需求：统计每20秒钟产生的热词，每10秒钟统计一次，sparkStreaming的时间间隔 5秒钟。SparkStreaming中窗口操作。

object SparkStreamingWindow {
  def main(args: Array[String]): Unit = {
    val conf = new SparkConf().setAppName("UpdateStateSparkStreaming").setMaster("local[2]")
    //创建StreamingContext对象
    val context = new StreamingContext(conf, Seconds(5))

    context.sparkContext.setLogLevel("OFF")

    //接入数据源
    val linesDstream: DStream[String] = context.socketTextStream("node-01", 9999)

    val wordcountDStream: DStream[(String, Int)] = linesDstream.flatMap(_.split(",")).map((_, 1))

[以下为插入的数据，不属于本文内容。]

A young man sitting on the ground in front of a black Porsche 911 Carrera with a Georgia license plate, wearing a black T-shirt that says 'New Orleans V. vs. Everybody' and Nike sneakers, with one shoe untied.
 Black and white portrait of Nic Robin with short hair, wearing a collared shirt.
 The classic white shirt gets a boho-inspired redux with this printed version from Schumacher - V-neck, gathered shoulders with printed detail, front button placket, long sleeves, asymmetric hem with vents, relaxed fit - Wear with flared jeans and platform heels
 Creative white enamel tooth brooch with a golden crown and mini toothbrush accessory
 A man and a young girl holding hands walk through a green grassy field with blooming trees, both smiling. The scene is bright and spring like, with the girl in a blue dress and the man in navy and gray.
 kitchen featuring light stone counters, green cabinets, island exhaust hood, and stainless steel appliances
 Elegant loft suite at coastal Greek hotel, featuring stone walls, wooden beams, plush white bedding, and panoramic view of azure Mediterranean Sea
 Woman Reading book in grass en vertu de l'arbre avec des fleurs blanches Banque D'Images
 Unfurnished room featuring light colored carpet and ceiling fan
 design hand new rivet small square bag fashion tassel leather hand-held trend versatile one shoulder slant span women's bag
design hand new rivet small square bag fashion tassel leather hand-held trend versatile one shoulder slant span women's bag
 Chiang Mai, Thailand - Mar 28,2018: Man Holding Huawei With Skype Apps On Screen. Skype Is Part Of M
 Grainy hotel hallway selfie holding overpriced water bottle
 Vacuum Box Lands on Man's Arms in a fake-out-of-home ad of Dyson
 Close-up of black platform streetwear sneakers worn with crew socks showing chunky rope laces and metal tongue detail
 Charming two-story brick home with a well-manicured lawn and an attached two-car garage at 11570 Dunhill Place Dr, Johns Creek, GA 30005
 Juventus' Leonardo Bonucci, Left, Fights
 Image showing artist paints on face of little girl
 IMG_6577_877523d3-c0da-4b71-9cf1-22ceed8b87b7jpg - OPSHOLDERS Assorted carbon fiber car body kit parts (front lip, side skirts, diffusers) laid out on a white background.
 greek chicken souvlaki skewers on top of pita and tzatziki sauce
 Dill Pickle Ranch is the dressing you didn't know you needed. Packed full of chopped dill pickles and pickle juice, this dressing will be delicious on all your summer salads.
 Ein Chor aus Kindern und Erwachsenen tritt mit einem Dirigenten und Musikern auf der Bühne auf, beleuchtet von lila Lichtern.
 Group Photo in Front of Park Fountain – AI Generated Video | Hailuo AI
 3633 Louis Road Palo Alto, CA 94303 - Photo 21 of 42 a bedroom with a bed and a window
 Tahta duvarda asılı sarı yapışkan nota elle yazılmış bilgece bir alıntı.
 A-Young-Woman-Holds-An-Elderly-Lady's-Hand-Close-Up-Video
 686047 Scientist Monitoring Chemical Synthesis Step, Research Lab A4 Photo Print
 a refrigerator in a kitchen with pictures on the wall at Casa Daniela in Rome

      .reduceByKeyAndWindow((x: Int, y: Int) => x + y, Seconds(15), Seconds(10))
      //窗口操作的时间设置 必须是产生RDD时间间隔整数倍
    wordcountDStream.print()
    context.start()
    context.awaitTermination()

  }
}

6.2 SparkStreaming其他数据来源

SparkStreaming可以读取文件系统中文件

def main(args: Array[String]): Unit = {
  val context = new StreamingContext(new SparkConf().setAppName("SparkStreamingFile").setMaster("local[*]"), Seconds(5))
  context.sparkContext.setLogLevel("OFF")
  //读取文件数据
  val dstream = context.textFileStream("D:/data/")
  dstream.print()
  context.start()
  context.awaitTermination()
}

6.3自定义Receiver读取数据源

自定义类继承Receiver 实现revicer中抽象方法， onStart onStop

package cn.itcast.sparkStreaming

import java.io.{BufferedReader, InputStreamReader}
import java.net.Socket

import org.apache.spark.SparkConf
import org.apache.spark.storage.StorageLevel
import org.apache.spark.streaming.{Seconds, StreamingContext}
import org.apache.spark.streaming.receiver.Receiver

//构建自定义receiver  接受socket数据
class MyReceiver(val host: String, val port: Int) extends Receiver[String](StorageLevel.MEMORY_ONLY) {
  var socket: Socket = _

  override def onStart(): Unit = {
    //接入数据源
    socket = new Socket(host, port)
    new Thread() {
      override def run(): Unit = {
        //读取数据并且将数据存储到缓存中
        receiverMsg()
      }
    }.start()
  }

  def receiverMsg(): Unit = {
    //获取数据流
    val inputStream = socket.getInputStream()
    //构建读取对象
    val reader = new InputStreamReader(inputStream)
    val bufferedReader = new BufferedReader(reader)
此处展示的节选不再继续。